EXERCISE DATA section start

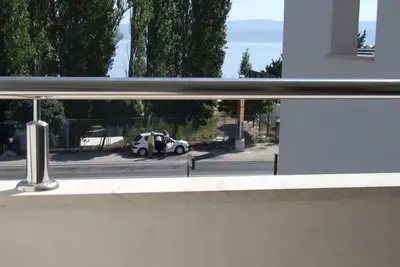 Image de Appartement dans Omiš avec Balcon, Climatisation, Wifi, Machine à laver (3422-5)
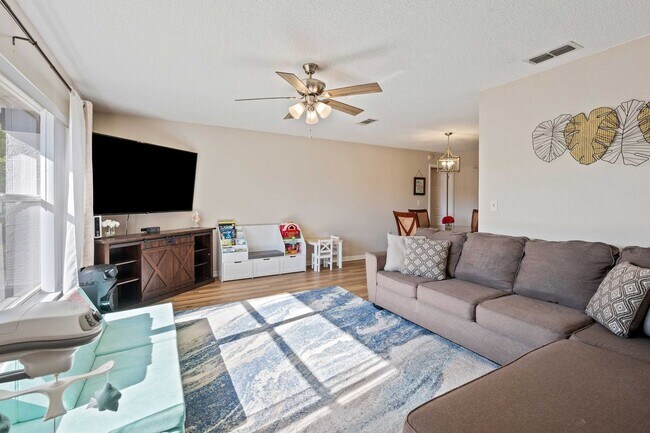 Foto del edificio - Spacious 3/2 Single Family Home in Spring ...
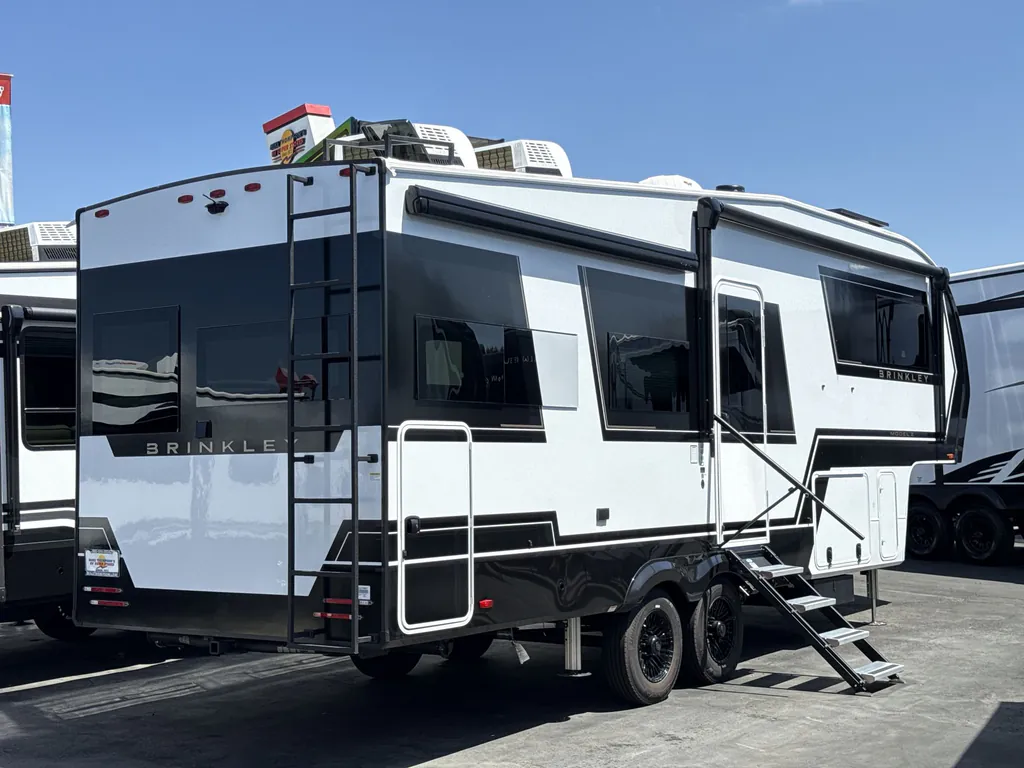 2027 Brinkley Model Z 2680, Photos photo 35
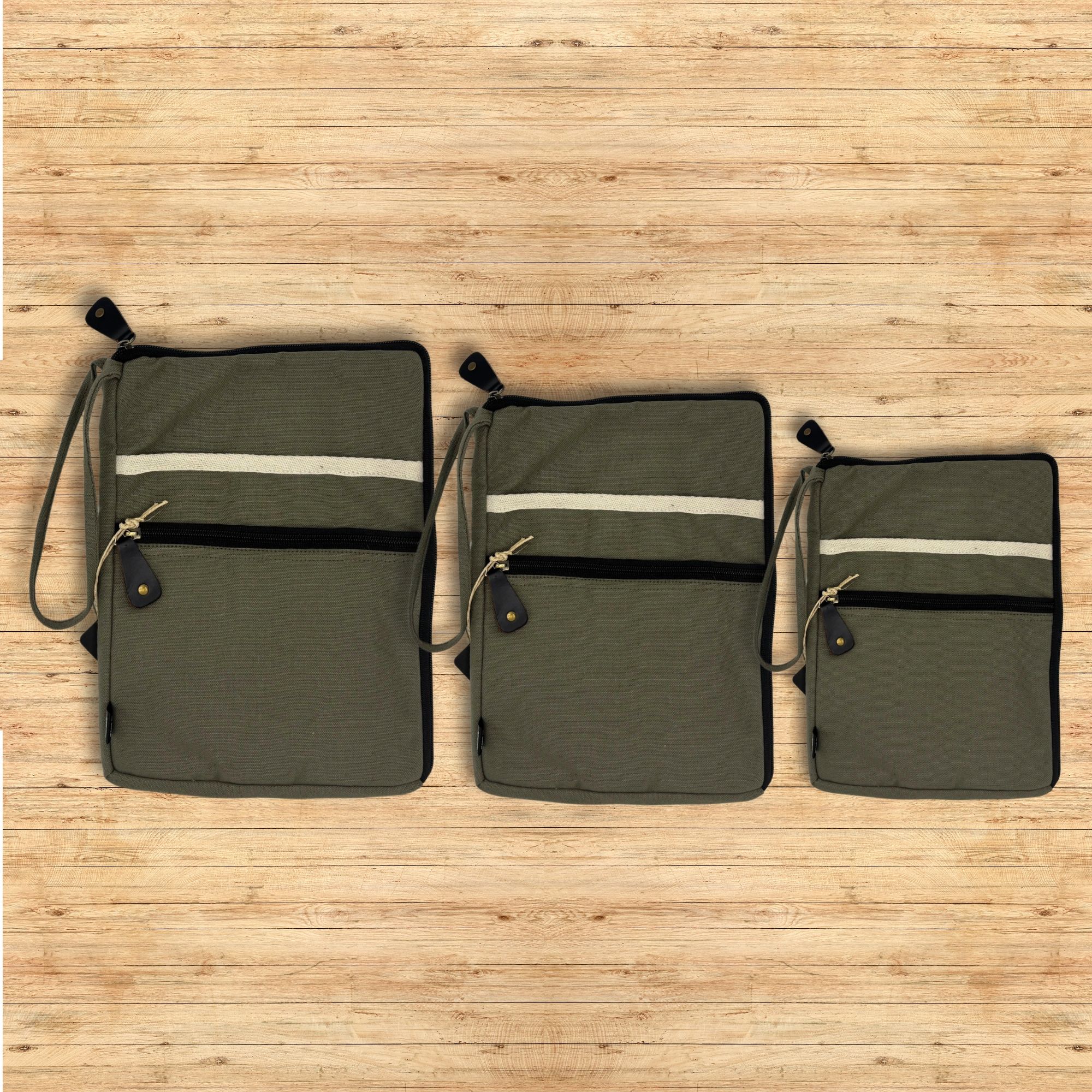 Canvas Large Laptop Pouch - Olive - Image 3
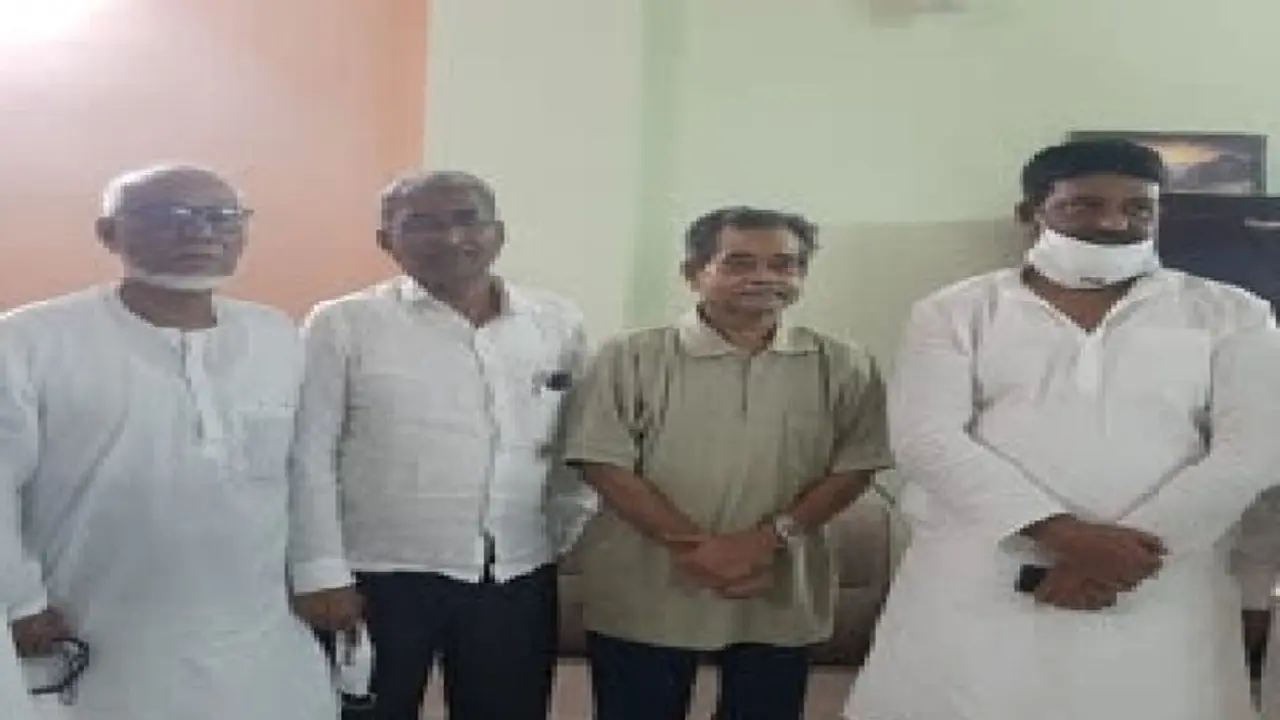 তৃণমূল নেতাদের সঙ্গে সাক্ষাতে জল্পনা, কংগ্রেসকে ভেঙে দলবদল করতে চলেছেন প্রণবপুত্র অভিজিত তৃণমূল নেতাদের সঙ্গে সাক্ষাতে জল্পনা, কংগ্রেসকে ভেঙে দলবদল করতে চলেছেন প্রণবপুত্র অভিজিত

EXERCISE DATA section end

§ **WHAT THE TASK ASKS**: The whole listing is to be retyped exactly, with its pictures removed.

§ **TASK SOLUTION**:
 Image de Appartement dans Omiš avec Balcon, Climatisation, Wifi, Machine à laver (3422-5)
 Foto del edificio - Spacious 3/2 Single Family Home in Spring ...
 2027 Brinkley Model Z 2680, Photos photo 35
 Canvas Large Laptop Pouch - Olive - Image 3
 তৃণমূল নেতাদের সঙ্গে সাক্ষাতে জল্পনা, কংগ্রেসকে ভেঙে দলবদল করতে চলেছেন প্রণবপুত্র অভিজিত তৃণমূল নেতাদের সঙ্গে সাক্ষাতে জল্পনা, কংগ্রেসকে ভেঙে দলবদল করতে চলেছেন প্রণবপুত্র অভিজিত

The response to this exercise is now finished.